Not that all of these monuments were burial chambers, however: some are simply ‘propped rocks’, achieved by lifting one end of a large slab and supporting it using a second upright block of stone so that there is a gap between the stone and its bedrock matrix. In Pembrokeshire, the most impressive example is at Garn Wnda, near Llanwnda, where a massive slab of dolorite is supported on its downhill side by a pointed upright.
Propped rocks make a statement. Prehistoric people would recognise that this slab of rock had been positioned by human hands. Nobody could mistake them for a natural phenomenon – or could they? Everywhere you look in the upland landscapes of Wales, you will see rocks and mounds that make you ask ‘is it natural or is it the work of people?’. It is possible that monument-builders in the past were imitating what they saw all around them but with subtle differences. Perhaps they saw these pre-existing mounds and outcrops as the monuments of an earlier and now extinct race of giants, predecessors, or ancestors. Our categorical distinctions between ‘cultural’ and ‘natural’ may not have existed, or been more porous, back in the 4th and 3rd millennia BC.

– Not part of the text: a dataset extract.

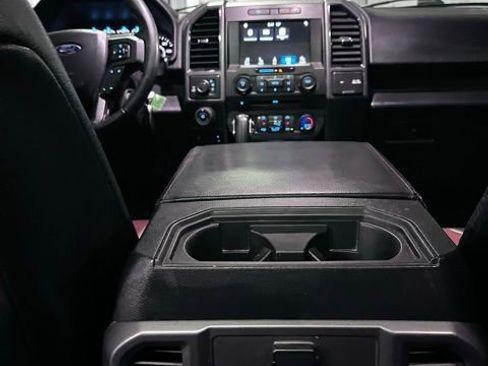 Used 2018 Ford F150 XLT w/ Equipment Group 302A Luxury AWD/4WD image 29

This is especially true of the Preseli landscape, and of similar landscapes in the Cambrian mountains at the heart of Wales, or around the Harlech dome, where volcanic activity has created some very distinctive rocks and glacial erosion has left numerous features that we are now able to explain geologically, but that might have been seen in the past as evidence of supernatural forces: long ridges and terraces created by the deposit of morainic material; kettle holes; rock stacks and shattered rock outcrops; the formations known as roche moutonnée, pingos, and drumlins – all could be mistaken for the deliberate constructions of former inhabitants of the landscape. Glacial erratics can look like recumbent standing stones, and a roughly circular pattern of erratics at Llyn y Gorlan long ago entered Welsh folklore as a primitive Gorsedd circle, popularly believed to be the site of an early Eisteddfod back in the mists of time.
A fascination with the meaning of these features may well have led to the ambition to imitate them, leading to a subtle interplay of natural and modified rocks. If so, this seems to have been an impulse widely shared, because propped rocks abound all around the Irish Sea basin and as far west as the Yorkshire Dales, not to mention on the near Continent. Many propped rocks occupy impressive settings and are visible from some distance away by sea and by land: Coetan Arthur, for example, is set on the cliffs above St David’s Head, while King’s Quoit, Manorbier, occupies a precarious perch at the end of a headland only 5m from the cliff edge. A propped rock on Skomer occupies a prominent skyline position at the north-eastern end of the island, moreover, while Carn Sian stands on the Preseli ridge. Only one of these – Garn Wnda – is associated with human remains. The early 19th-century antiquary who excavated the hollow beneath its slab found burnt bone and ‘very crude pottery’, but it is impossible to know now whether this was a primary burial associated with the construction of the monument, or a secondary interment dug by later visitors to the site.